Top of GIVEN INFORMATION

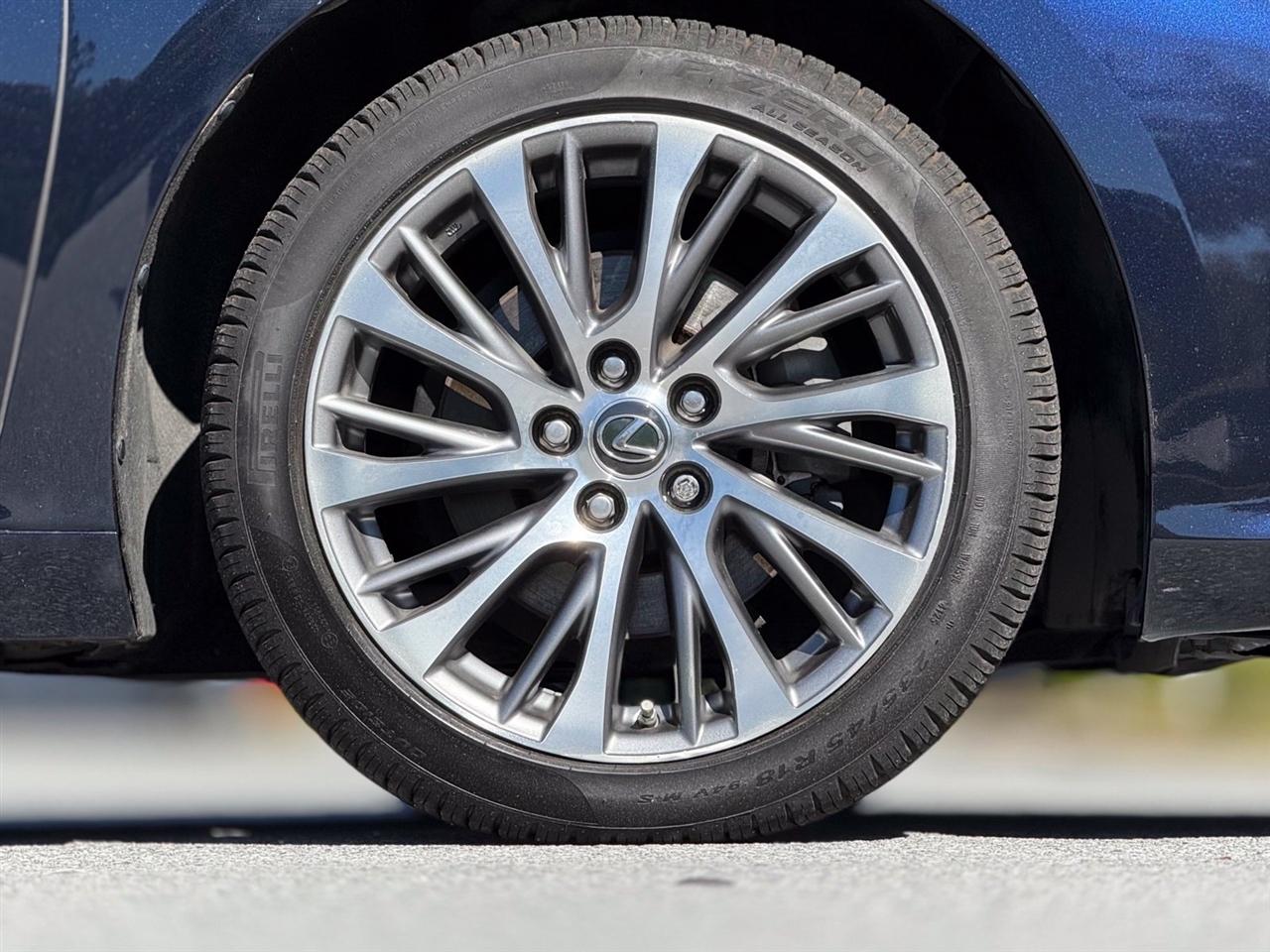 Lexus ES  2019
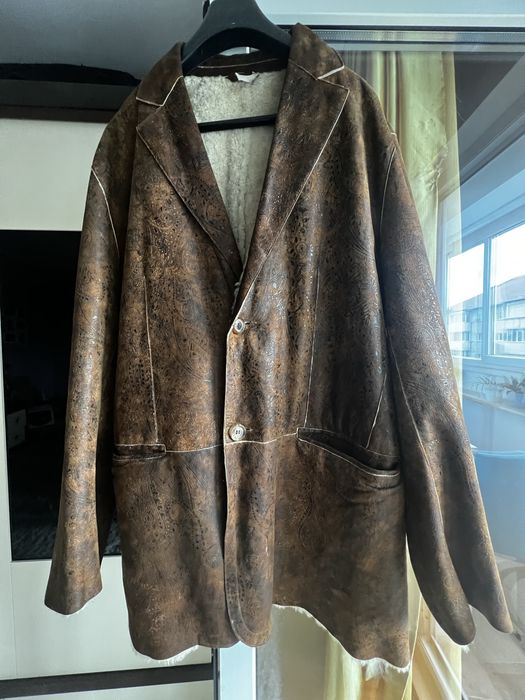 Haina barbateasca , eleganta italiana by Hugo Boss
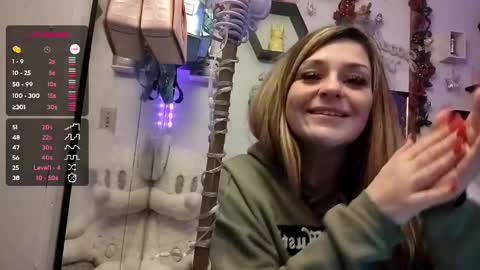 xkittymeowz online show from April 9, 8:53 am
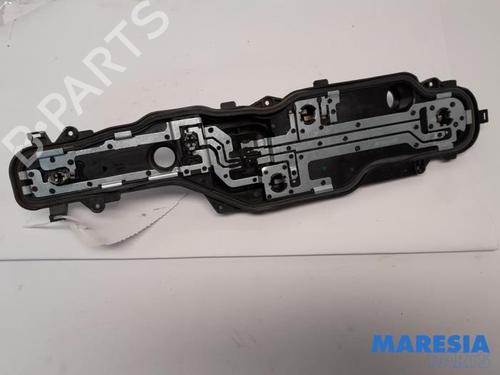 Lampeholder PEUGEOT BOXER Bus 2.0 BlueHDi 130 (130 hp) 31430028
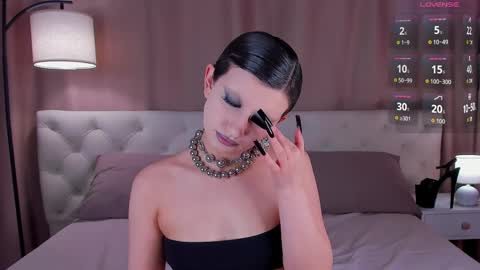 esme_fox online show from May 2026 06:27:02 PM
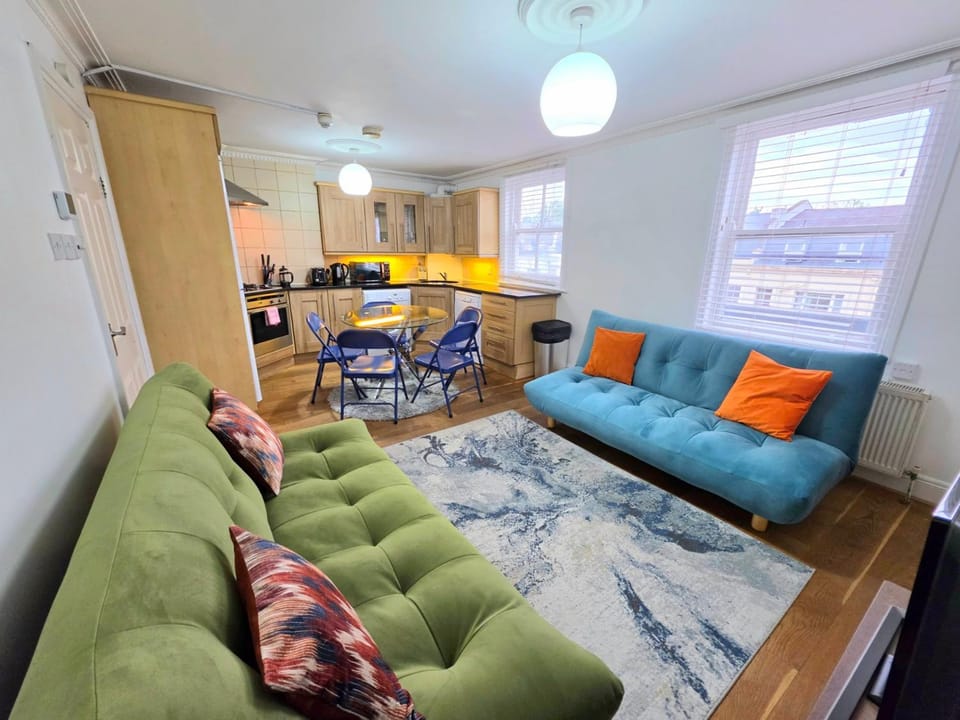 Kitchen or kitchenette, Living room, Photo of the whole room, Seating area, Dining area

Bottom of GIVEN INFORMATION

* _TASK REQUIREMENTS_
Reproduce every record exactly; images stay out.

* _OUTPUT OF THE EXERCISE_
 Lexus ES  2019
 Haina barbateasca , eleganta italiana by Hugo Boss
 xkittymeowz online show from April 9, 8:53 am
 Lampeholder PEUGEOT BOXER Bus 2.0 BlueHDi 130 (130 hp) 31430028
 esme_fox online show from May 2026 06:27:02 PM
 Kitchen or kitchenette, Living room, Photo of the whole room, Seating area, Dining area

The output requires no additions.